• _The problem_:
Return exactly the lines from the "Batch 1260 Small" line through the last line of the entries below. Include no pictures.

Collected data
-.-.-

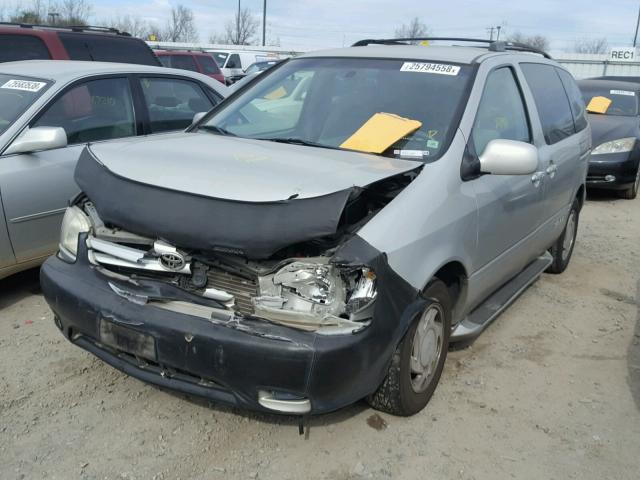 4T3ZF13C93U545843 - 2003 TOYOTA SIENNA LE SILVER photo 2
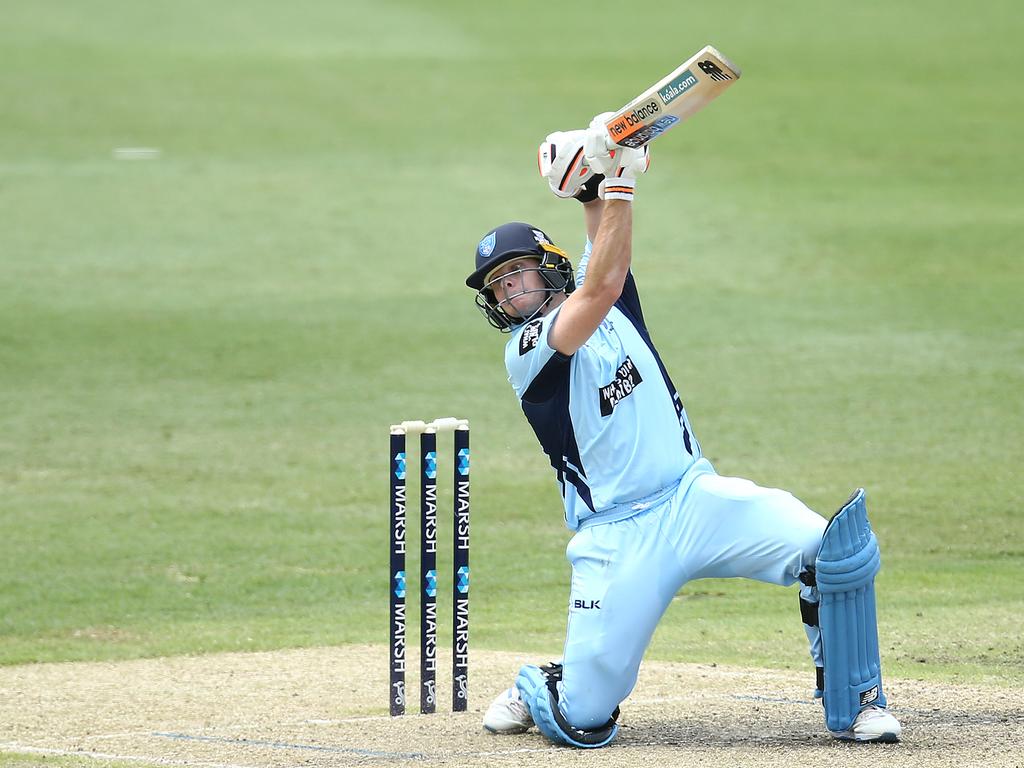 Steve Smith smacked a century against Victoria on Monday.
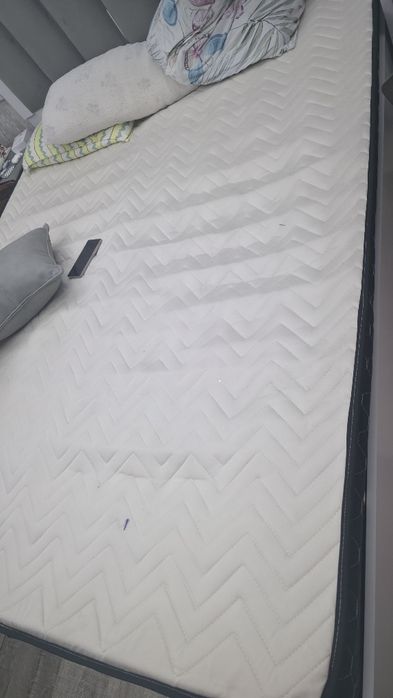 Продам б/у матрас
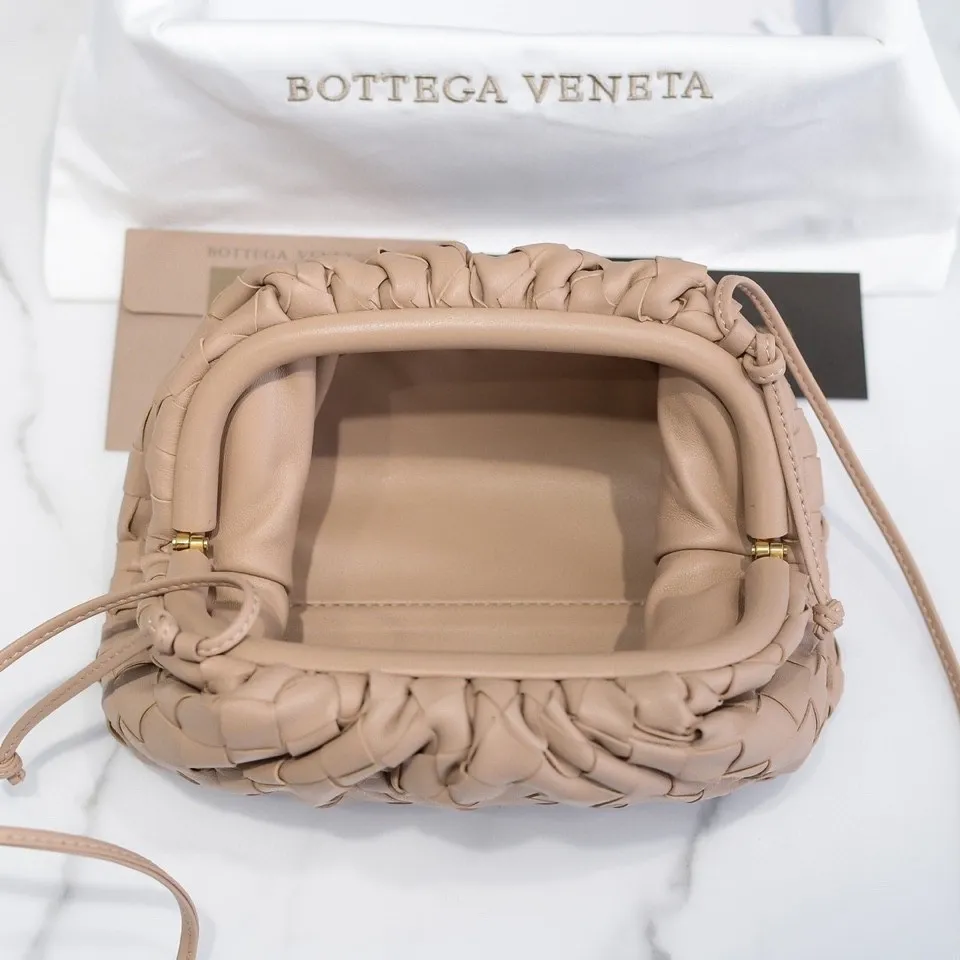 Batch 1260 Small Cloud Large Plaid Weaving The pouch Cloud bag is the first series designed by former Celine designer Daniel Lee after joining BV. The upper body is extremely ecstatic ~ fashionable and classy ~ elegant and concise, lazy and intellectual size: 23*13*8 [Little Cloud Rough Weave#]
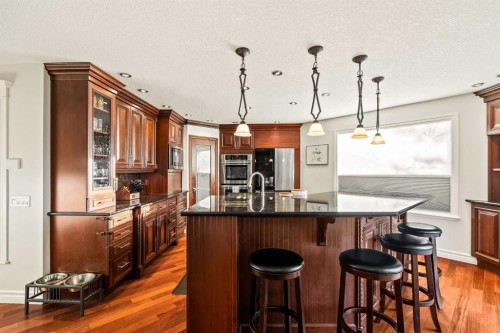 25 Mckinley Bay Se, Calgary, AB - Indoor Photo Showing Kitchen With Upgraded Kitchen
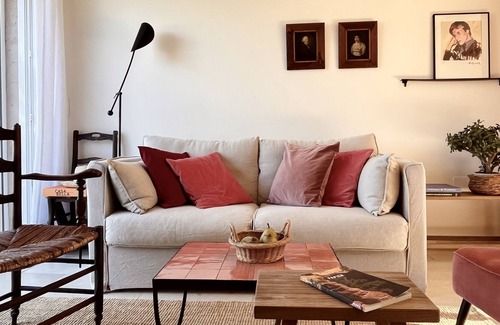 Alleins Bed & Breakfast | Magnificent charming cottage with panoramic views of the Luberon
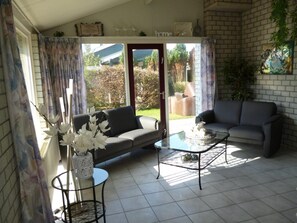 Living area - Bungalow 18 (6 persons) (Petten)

-.-.-

• _Your solution_:
 Batch 1260 Small Cloud Large Plaid Weaving The pouch Cloud bag is the first series designed by former Celine designer Daniel Lee after joining BV. The upper body is extremely ecstatic ~ fashionable and classy ~ elegant and concise, lazy and intellectual size: 23*13*8 [Little Cloud Rough Weave#]
 25 Mckinley Bay Se, Calgary, AB - Indoor Photo Showing Kitchen With Upgraded Kitchen
 Alleins Bed & Breakfast | Magnificent charming cottage with panoramic views of the Luberon
 Living area - Bungalow 18 (6 persons) (Petten)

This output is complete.